Dataset section Start Marker
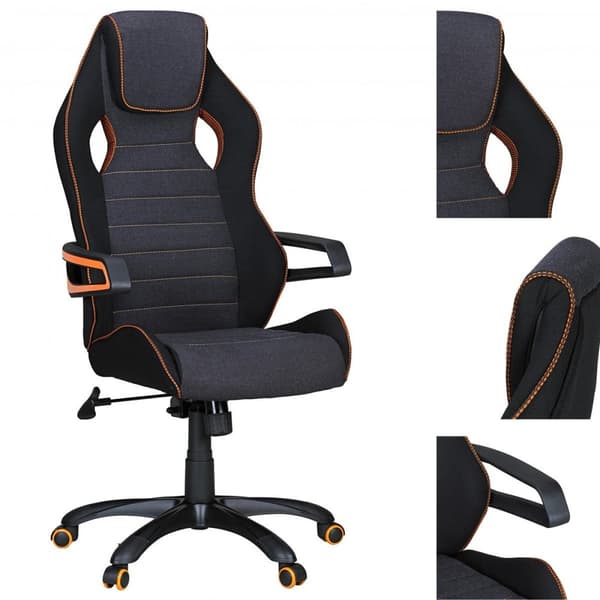 Rootz Ergonomic Racing Kontorstol - Drejestol - Justerbart ryglæn - Åndbart stof - Kontrasterende farve - Racing armlæn - Synkron mekanisme - 120 kg K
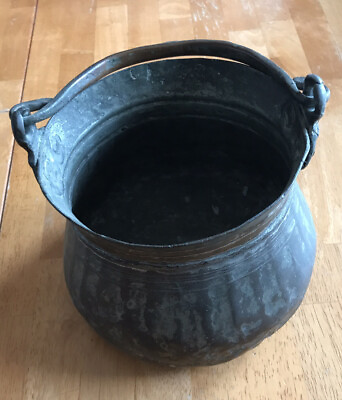 Antique Old Copper amp; Brass Handle Vintage Decorative Bucket Planter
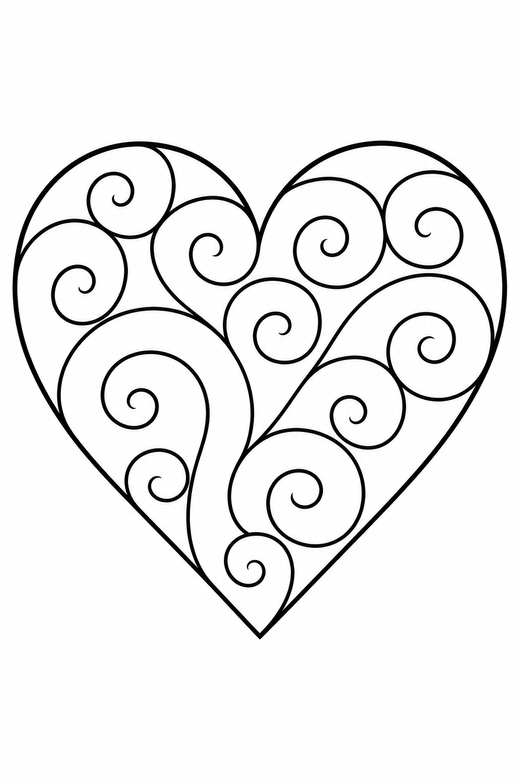 Heart with a swirl: A large plain heart filled with curling swirl lines on a plain background with generous white space, free printable coloring page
Dataset section End Marker
▶ _Instructions for the task_
Drop the images and copy all the data exactly.

▶ _Result of the exercise_
 Rootz Ergonomic Racing Kontorstol - Drejestol - Justerbart ryglæn - Åndbart stof - Kontrasterende farve - Racing armlæn - Synkron mekanisme - 120 kg K
 Antique Old Copper amp; Brass Handle Vintage Decorative Bucket Planter
 Heart with a swirl: A large plain heart filled with curling swirl lines on a plain background with generous white space, free printable coloring page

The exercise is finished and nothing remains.